(November 2016) Preparing for an interview can make a person feel like they are being pulled in every direction while trying to memorize dozens of talking points. The truth is, with a little preparation and planning, an interview can be a stress-free experience. With that said, here are some things you should definitely not say during an interview.
It’s important to research the company to which you are applying. Make sure you have read up on the job and the company itself so you don’t end up saying things like “So, tell me what you do.” Interviewers will be unimpressed if you haven’t taken the time to prepare enough to even know what the company does.
When talking about your work or academic history, it’s important to know how your experience will directly relate to the job you want. This is where it’s important to have researched the company and the job. Even if you don’t have the experience working in a certain area, don’t say that to an interviewer. Instead, talk about how what you did at your former employer will help you complete the tasks of your new job.
There are some phrases to avoid when talking about your work history. Don’t badmouth or talk down about your old boss or employer. That shows the interviewer that you might be difficult to work with, even if that’s not the case. If you’re asked what you didn’t like about your old job, I suggest highlighting an area of interest that your old employer didn’t offer but the new job does. This shows that you’re interested in the new job and what you’ll be doing if hired.

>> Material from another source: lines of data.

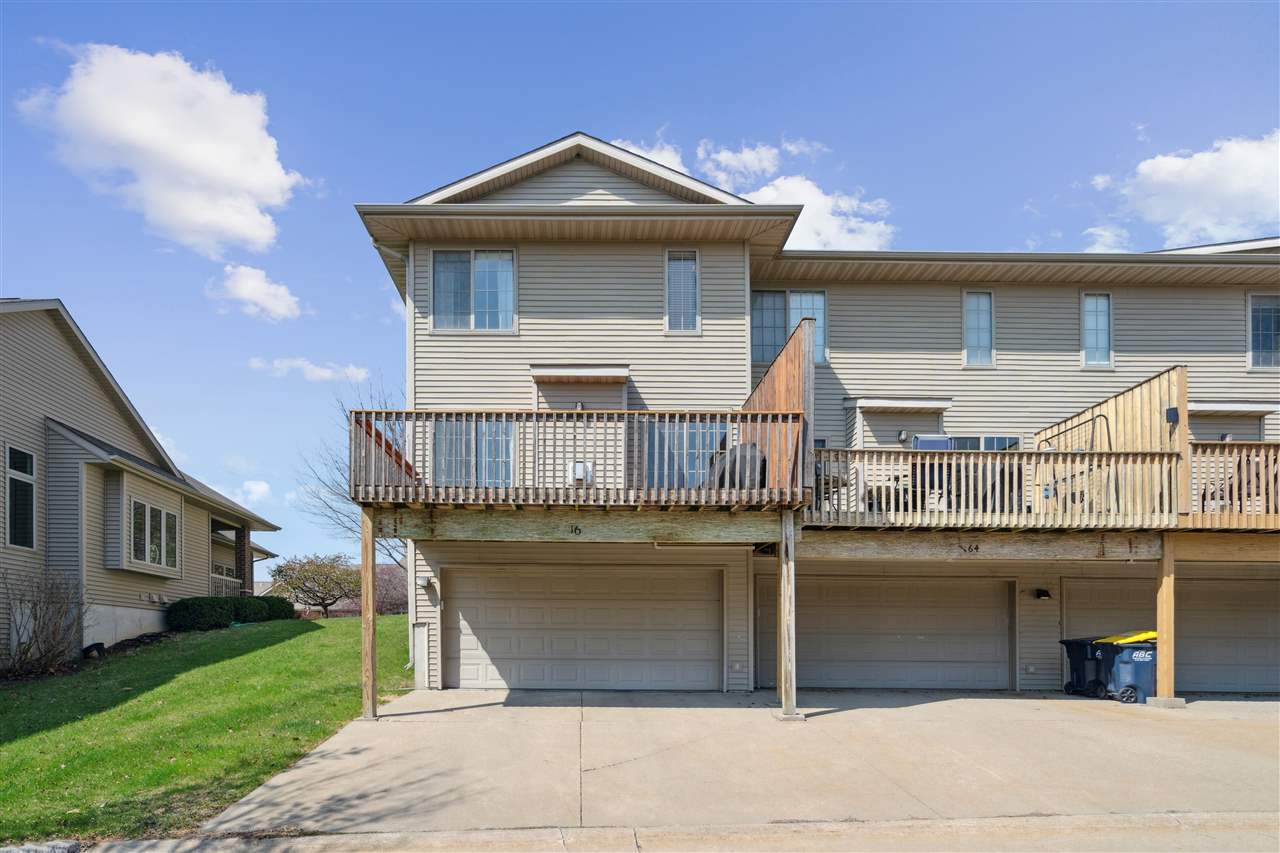 Property Photo 24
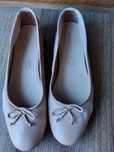 Vand pantofi dama Rizzoli
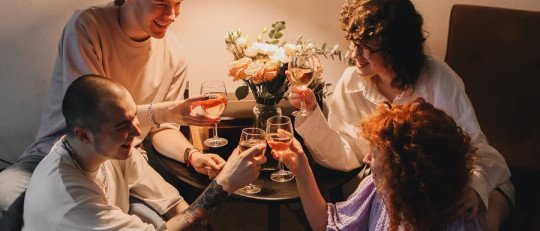 Generación Z: 5 mitos y realidades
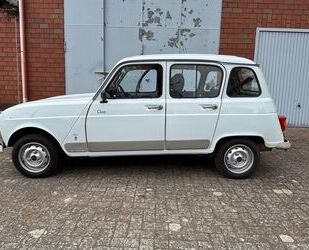 Renault R 4 Gebrauchtwagen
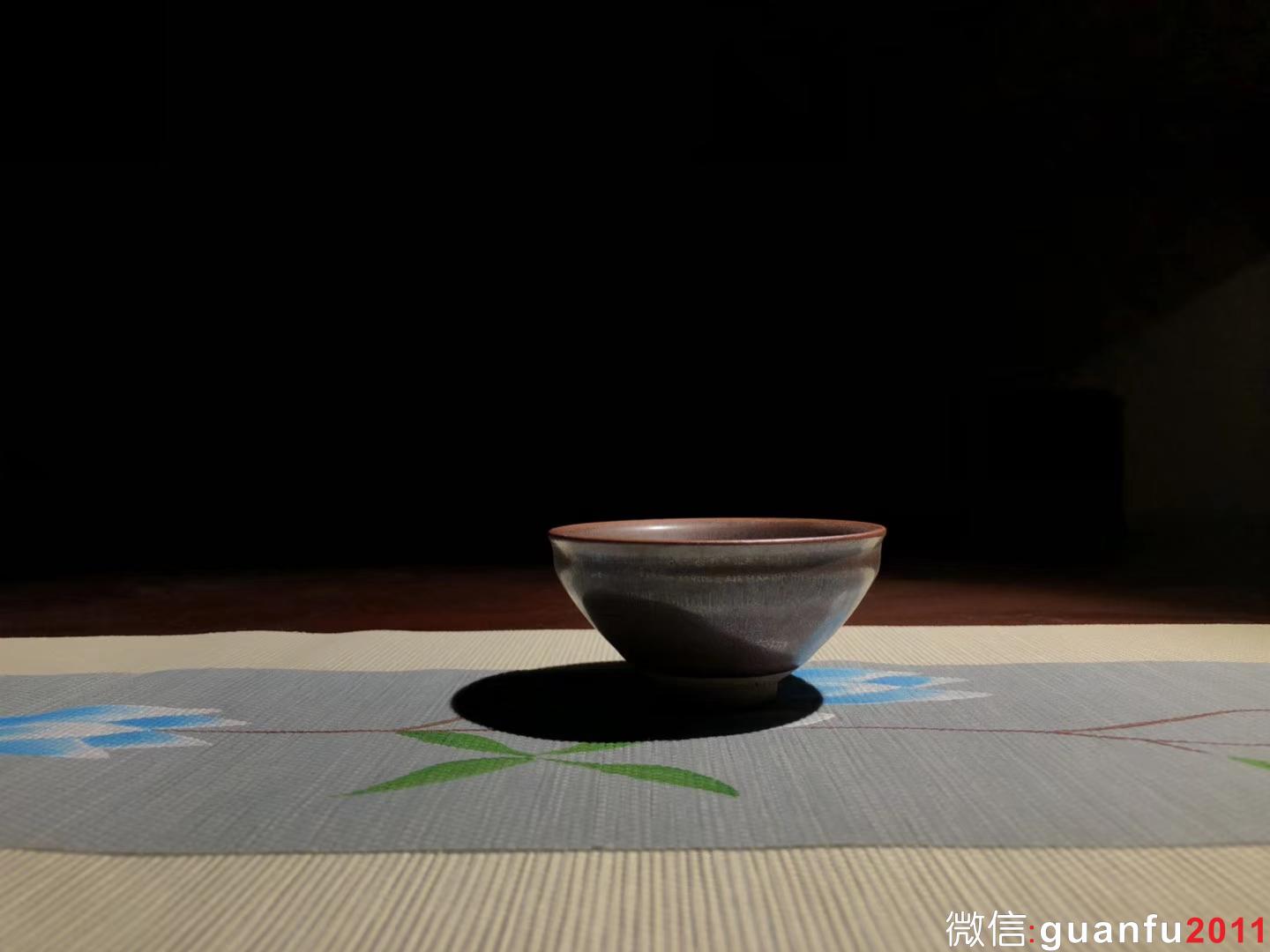 mmexport1532585472987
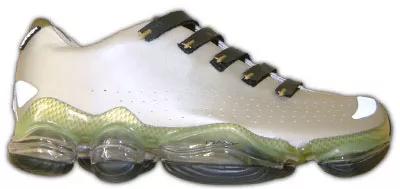 reebok简史,reebokdmx技术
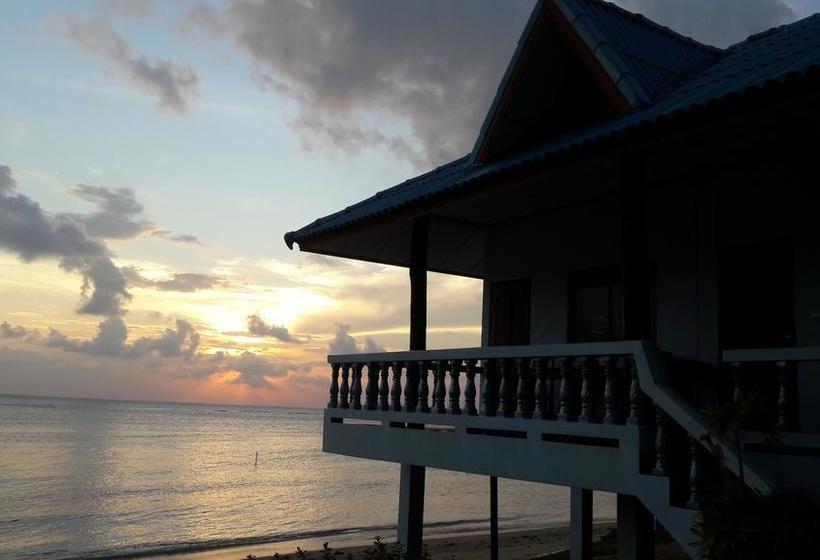 Hotel Sunsea Resort 18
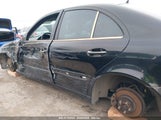 MERCEDES-BENZ E 350 WDBUF56X28B313910 снимка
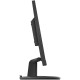 Монітор Lenovo D27-30 (66B8KAC6UA)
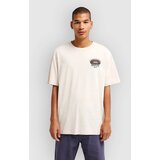 Rvca The World T-Shirt ceramic | Shoptok.si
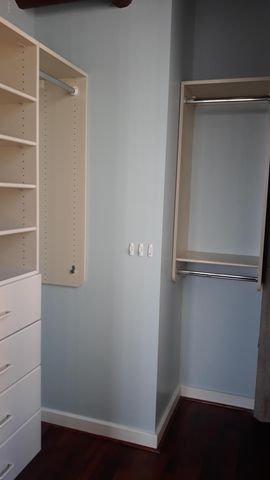 114 W ADAMS Street 1008, Phoenix, AZ 85003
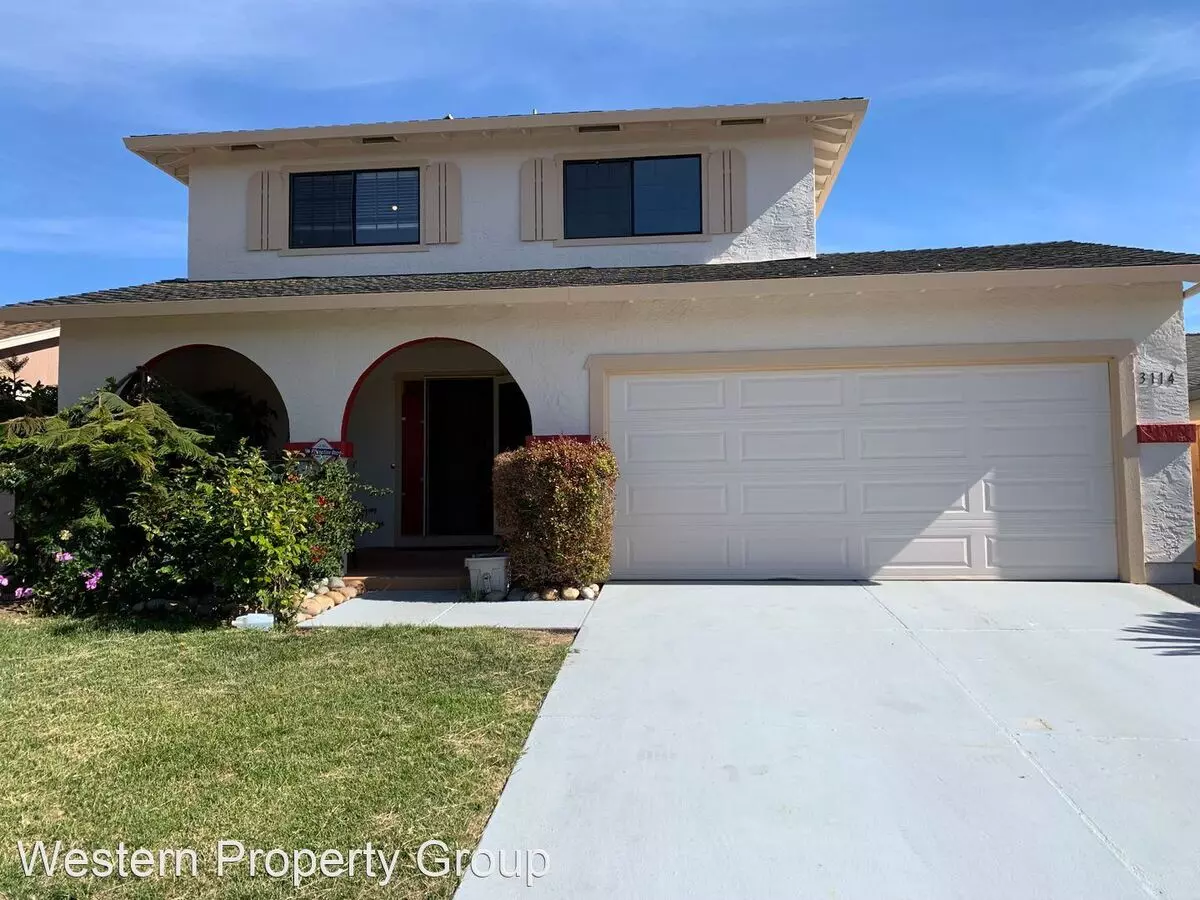 3114 Humberside Court, San Jose, CA 95148 photo 2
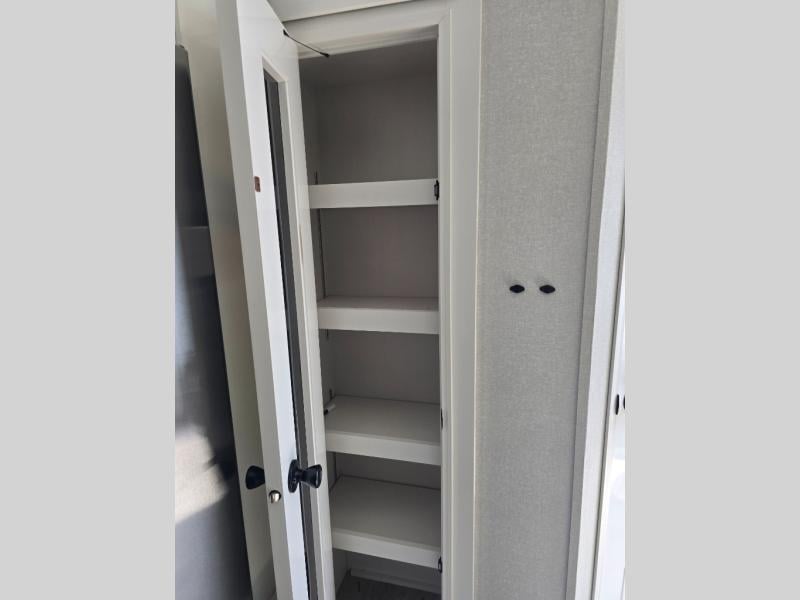 New 2026 Jayco Pinnacle 36FBTS - photo - 33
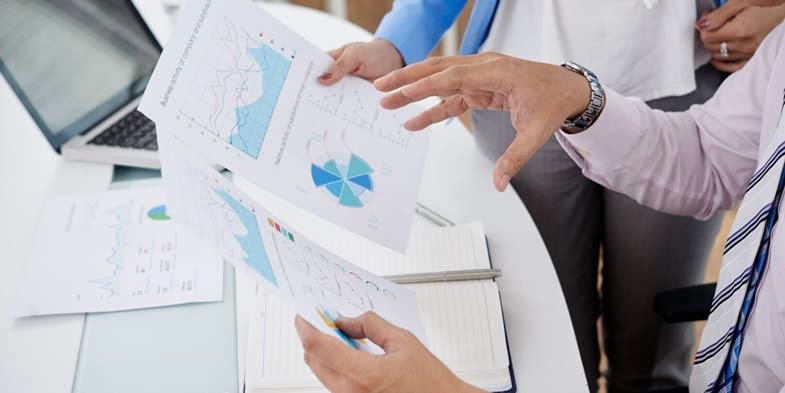 Indicadores de Performance Laboratorial: Ferramenta Essencial para uma Gestão Eficiente – UNILAB – Software para Laboratório Indicadores de Performance Laboratorial: Ferramenta Essencial para uma Gestão Eficiente - UNILAB - Software para Laboratório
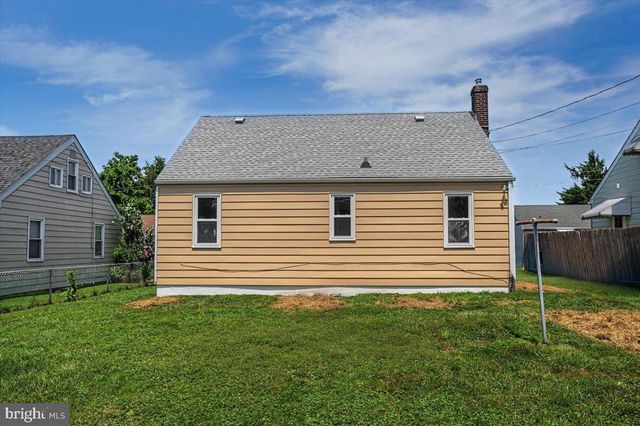 324 OLGA RD, Wilmington, DE 19805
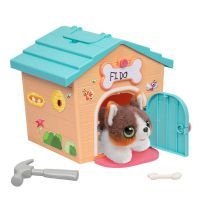 Little Live Pets My Puppys Home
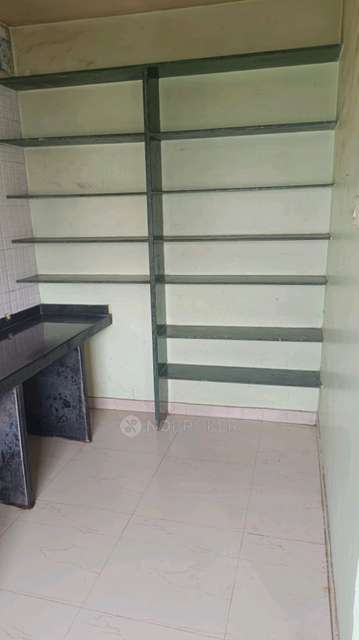 2 BHK House for Rent  In 23248, Pandurang Nagar, Ambegaon Pathar, Ambegaon Budruk, Pune, Maharashtra 411046, India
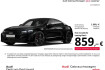Audi e-tron GT  E tron gt quattro pano b&o 360cam lm21 head up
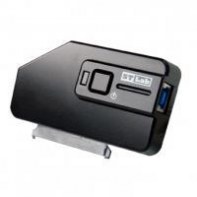 ACC+ ACPUS017068 ACPUS017068 Adaptateur USB 3.0 vers SATA3.0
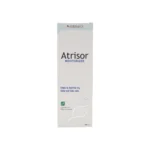ATRISOR MOISTURING LOTION - 200 ML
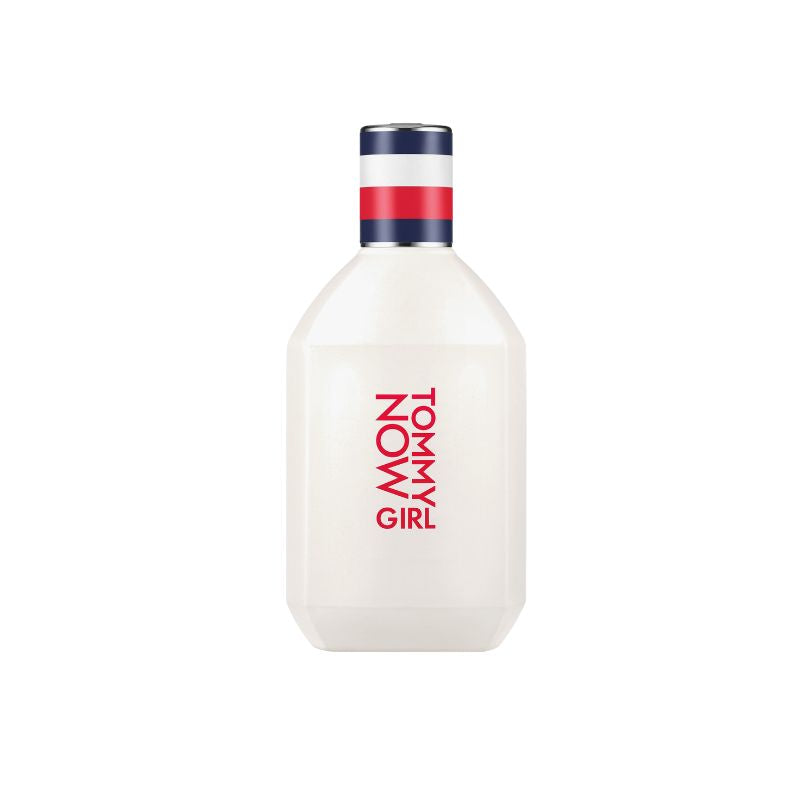 Tommy Hilfiger Tommy Girl Now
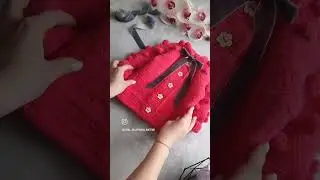 Мастер класс 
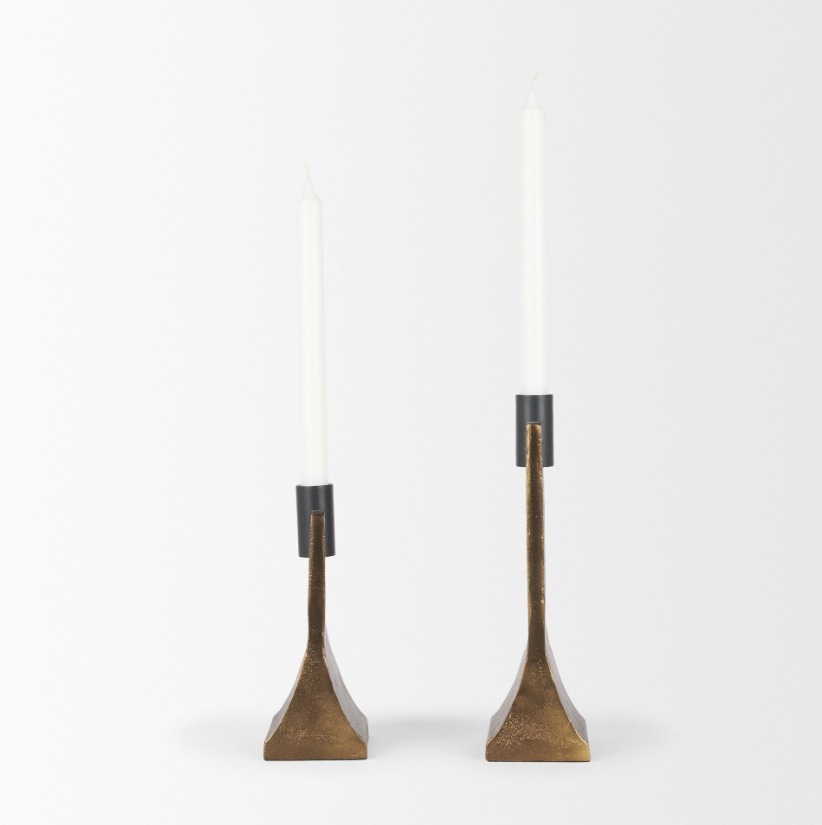 Polli Candle Holder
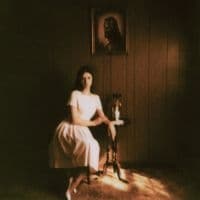 Ethel Cain - Preacher's Daughter (Ltd 2LP inkl Poster) (LP)
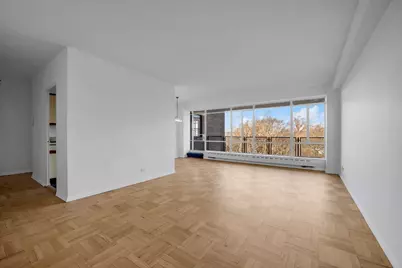 2727 Palisade Avenue #12-A, New York City, NY 10463 - Photo 3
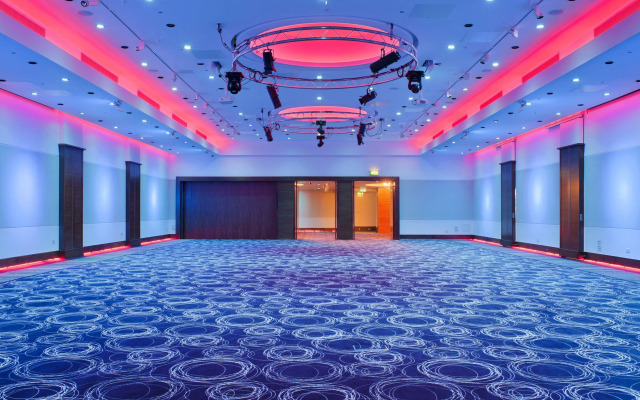 Holiday Inn Express London Golders Green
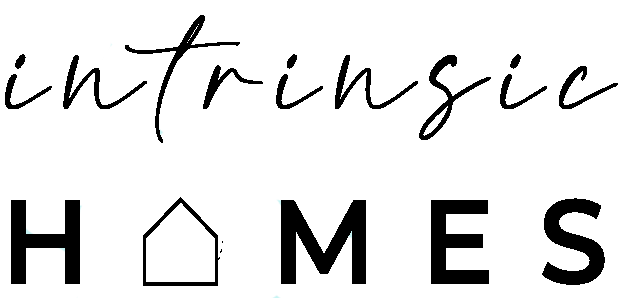 IH-LOGO_blk-letters-1 (3)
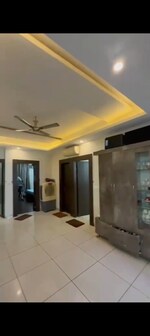 4 BHK + Study Room 2250 Sq.Ft. Apartment in Divyansh Pratham
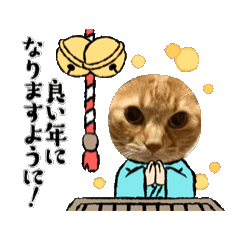[LINEスタンプ] たらお＆まりもちゃんの動くスタンプ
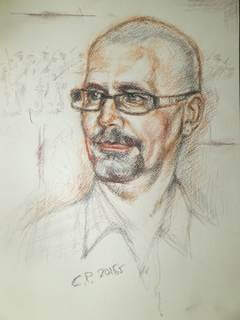 Русский Пантеон. Часть 2 - Сергей Цветков - Лучшие аудиокниги слушать онлайн бесплатно Новые аудиокниги mp3 (мп3) на сайте mp3-knigi-audio.com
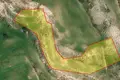 Land  Kato Polemidion Municipality, Cyprus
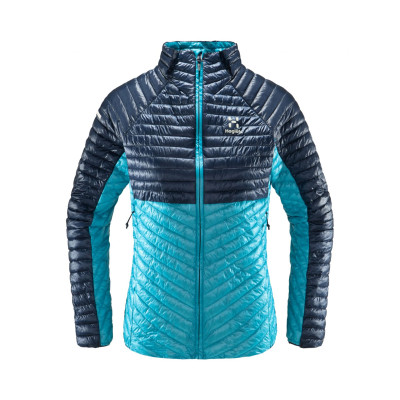 Haglöfs_L.I.M Mimic Jacket Women_6049394N5_S21_2_210.00EUR Haglöfs_L.I.M Mimic Jacket Women_6049394N5_S21_2_210.00EUR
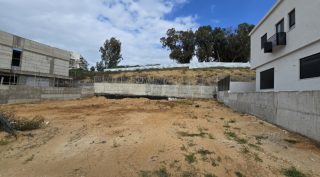 Screenshot_20260331_115351_Gallery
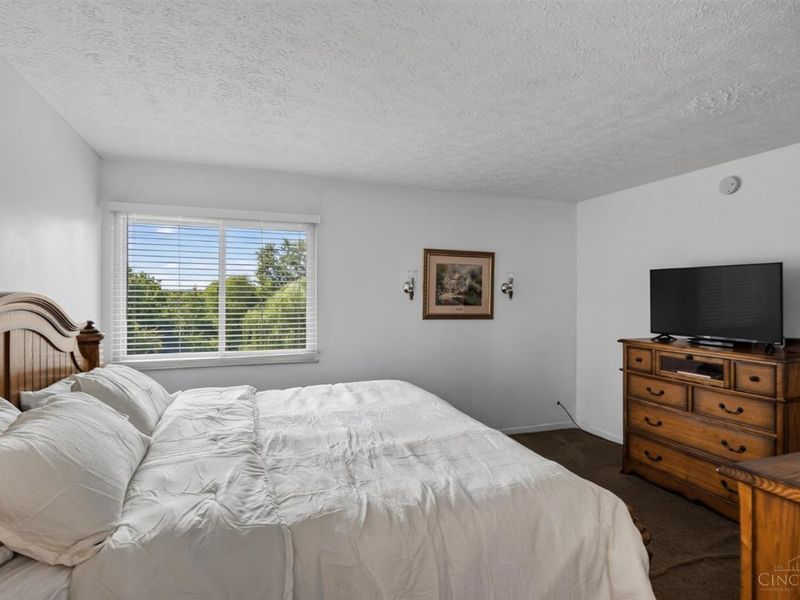 5822 Forge Bridge Drive, West Chester, OH 45069 Photo 27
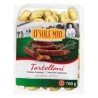 O’Sole Mio Italian Sausage Tortellini 700 g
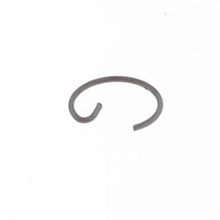 Load image into Gallery viewer, Athena 12mm Bore Wire Locks (For Athena Piston)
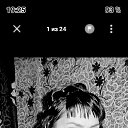 ���� ������, ����, 53 ���� - ��������� 8 ���� 2025 � ������ ���� ����������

It’s good to be prepared if the interviewer asks if you have any questions. You should have these questions prepared ahead of time, but don’t ask about vacation time or other employee perks right off the bat. You are there to pitch yourself to the company, not the other way around. If you’re asked to come back for a second interview or are offered the job, then you are safe to ask about those things.
These are just a few topics and phrases to avoid. Here is a list of 30 more to read over before heading to an interview.
My hope for students is to be well prepared and thoughtful in their approach to interview opportunities. If you take the time to prepare and think about what you want to say, you’ll represent yourself well and be confident in your chances at landing the job.